Il denaro è sterile. Anche numerosi filosofi, Platone e Aristotele, hanno condannato l’usura in base alla considerazione che il denaro, per sua natura, è sterile e non produce frutti; pertanto la richiesta di interessi è da considerarsi un comportamento contro natura. Anche i Padri della Chiesa, S. Ambrogio, S. Gerolamo e S. Agostino, furono severi nei riguardi degli usurai. Calvino, invece, giustificò l’usura, senza tuttavia avere seguito. Nel 1745 Benedetto XIV con una enciclica ne ribadì la condanna. Possiamo dire che l’usura è un fenomeno che risale ai primordi dell’umanità, e che persiste ancora oggi. Se ne parla poco, anche da parte della Chiesa, mentre nel passato essa interveniva frequentemente nel condannarla come una piaga sociale. Non c’è solo l’usura che colpisce i singoli, c’è anche l’usura che colpisce le nazioni. Il problema dell’usura tra due persone assume un volto nuovo quando partner sono gli stati, normalmente uno stato ricco che presta a uno stato povero, che spesso non può restituire il denaro avuto e deve rinegoziare il debito a un interesse ancora più gravoso. È difficile uscire da questo cerchio mortale, se non c’è la buona volontà delle popolazioni più ricche nel concedere dei condoni o delle facilitazioni. Qui il discorso si farebbe lungo e complesso, e diventerebbe anche di carattere politico.

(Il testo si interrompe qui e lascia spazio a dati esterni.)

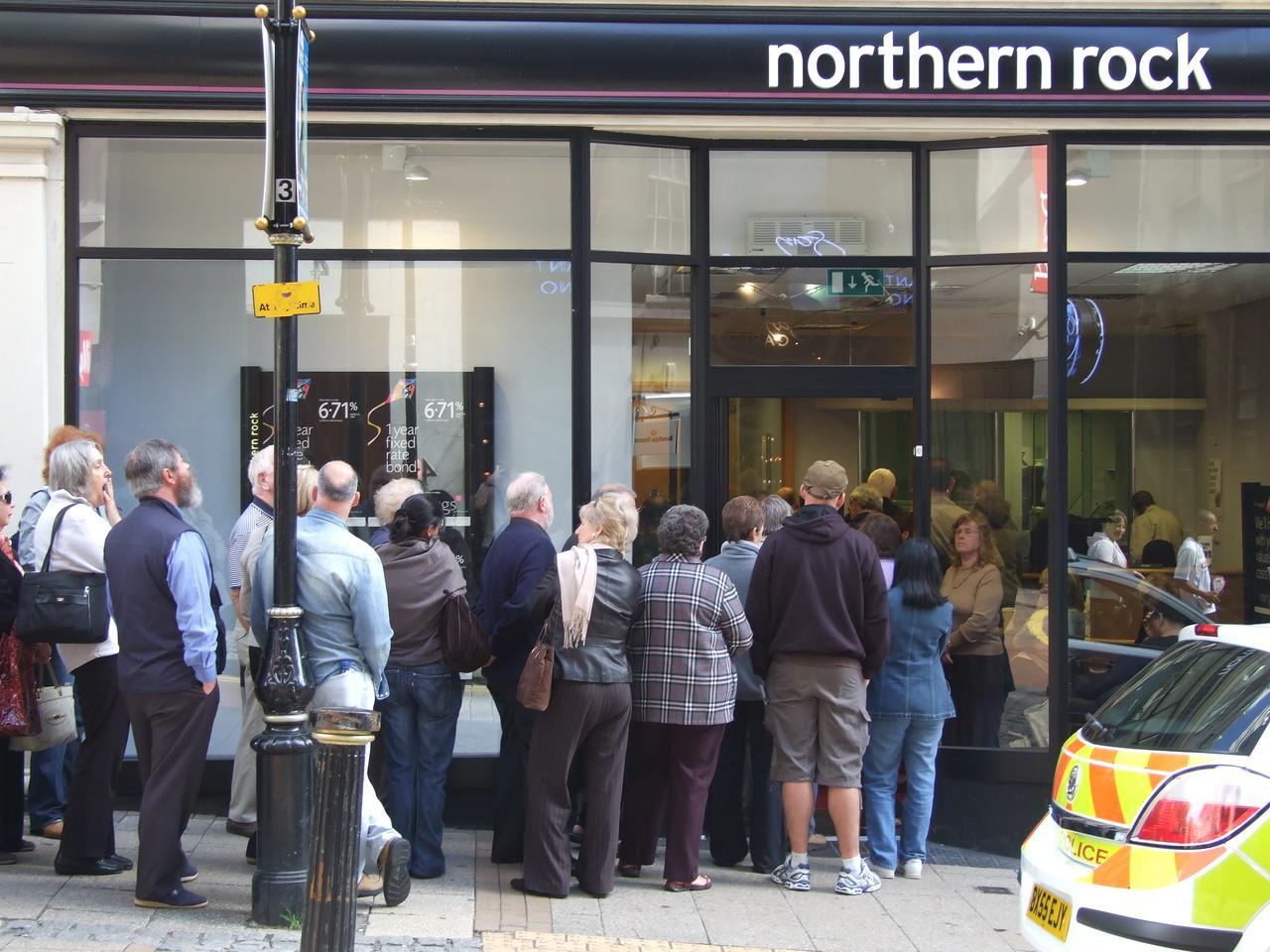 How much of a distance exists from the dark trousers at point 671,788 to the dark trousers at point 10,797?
122 inches

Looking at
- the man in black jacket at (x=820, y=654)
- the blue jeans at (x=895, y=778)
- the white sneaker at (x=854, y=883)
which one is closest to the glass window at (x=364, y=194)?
the man in black jacket at (x=820, y=654)

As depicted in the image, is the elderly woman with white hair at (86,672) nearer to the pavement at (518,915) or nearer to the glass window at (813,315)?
the pavement at (518,915)

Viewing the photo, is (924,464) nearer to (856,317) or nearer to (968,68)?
(856,317)

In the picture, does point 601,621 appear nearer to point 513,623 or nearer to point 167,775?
point 513,623

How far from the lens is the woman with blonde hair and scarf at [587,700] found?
673cm

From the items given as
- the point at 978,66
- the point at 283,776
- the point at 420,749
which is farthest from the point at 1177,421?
the point at 283,776

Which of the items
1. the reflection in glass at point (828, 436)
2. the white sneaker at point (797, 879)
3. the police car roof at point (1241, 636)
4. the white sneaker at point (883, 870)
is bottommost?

Denaro idolo. In ogni caso, l’usura è un delitto gravissimo, una perversione dei rapporti sociali. Siamo sempre al solito punto: ciò che rovina l’uomo e la società è l’uso del denaro. Quando il denaro diventa un idolo, allora tutto diventa lecito: lo si sfrutta in tutti i modi, anche giustificando gli eccessi, vedi le banche che non hanno scrupoli a dettare le loro leggi pretendendo interessi esosi, senza guardare in faccia a nessuno. Nei momenti di crisi ciò può portare a situazioni veramente drammatiche. Come uscirne? Non ci resta che tirar fuori dal Cristianesimo le migliori energie, e il suo segreto sta appunto nella Bellezza e nella Gratuità di Dio. Giustamente è stato scritto che solo la Bellezza salverà il mondo. La Bellezza è Gratuità. Basterebbero queste due parole per sconvolgere la società civile e la Chiesa cattolica. 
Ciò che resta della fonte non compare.